大阪の指定暴力団「二代目東組二代目清勇会」の元会長。そんなプロフィールの男が出演する映画「DAIJOBU-ダイジョウブ-」の説明には「老師とヤクザの生死を巡る七年間の記録」とある。
無実の罪で22年もの獄中生活を経験し、2022年4月にヤクザ界から引退してカタギに。そんな川口和秀元会長が出会ったのは、伝説の禅僧・村上光照だった。禅の精神世界に憧れていた親分は、老師に師事しようとするが…。
2人の男の運命を追ったドキュメンタリーが、9月9日に公開された。いかにしてこの映画は作られたのか。川口元会長が独占インタビューに応じた。
――この映画(DAIJOBU)を撮り終わった時に、川口さんはどういった感想を持ちましたか。
川口 まぁ、撮られている方やから。こっちは撮られているだけやから、特にどうこうはないかな。
――撮影に入る前と撮影が終わった後で、自分の中で生き方に変化などは生じたでしょうか。
川口 いや、全くない。うん。何も変わってない。
――この映画を製作するするきっかけは何ですか。
川口 「ヤクザと憲法」(2015年に制作された、川口氏が登場するドキュメンタリー番組・映画)を見た人が来て、企画があるけど出演して頂けないかと。それで、かまへんよと。

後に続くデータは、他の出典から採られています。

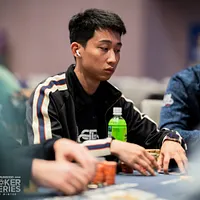 Han Yan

――撮影期間が7年間もありましたが、その中で大変だったことは何でしょう。
川口 いや、ひとつもないよ(笑)。こういう役をせい、っていうんであれば、また考えなアカンやろうけども、素で撮ってもらってるから。
――では、印象に残っていることはありますか。
川口 いや、あの、内観(内省によって心の内の真理を観察し、自己を見つめる修行)に行った時は死ぬかと思ったね。
――その理由は?
川口 酒を飲まれへん(笑)。
――やはり内観の時はお酒を飲めませんか。
川口 飲んでもええんやろうけど、それやったら意味がないから。
――川口さんがよくおっしゃっている「ヤクザはやめたけど、男はやめてない」という言葉がとても印象的で…。
川口 ヤクザの前に男がある。ヤクザっていうのは生き方や。それで生き方を突き詰めていくと、武士道に繋がっていくんや。 映画「忠臣蔵」とかを見て熱くなるみたいな感覚があるやろ。ああいうんは武士道に通じるもんはあるやろな。映画いうんは、色々と作り上げていくもんや。ドキュメンタリーいうんは、セリフなしでもそのまま、その姿を映されているだけのことや。 そやから村上老師でも、中身がなかったら映像になれへん、と。
――そういう意味で言うと、村上老師は男でしたか。
川口 揚げ足を拾われへんかったね。そういう雰囲気を醸し出してる人やったな。突っ込むところがなかった。それくらいしか表現でけへんな。
――映画をこれから見ようと思っている方に、何か伝えるべきメッセージはありますか。
川口 まぁ、村上老師とわしの人間性を汲み取ってくれたらなと。何回も見ないとわからない箇所もあるから、できれば何回も見てもらいたいかな。これはメッセージというよりも願いやけど、この映画が評価されれば次の映画に繋がって、もっともっと社会貢献できると思っているから、力を貸してもらいたいってことやな。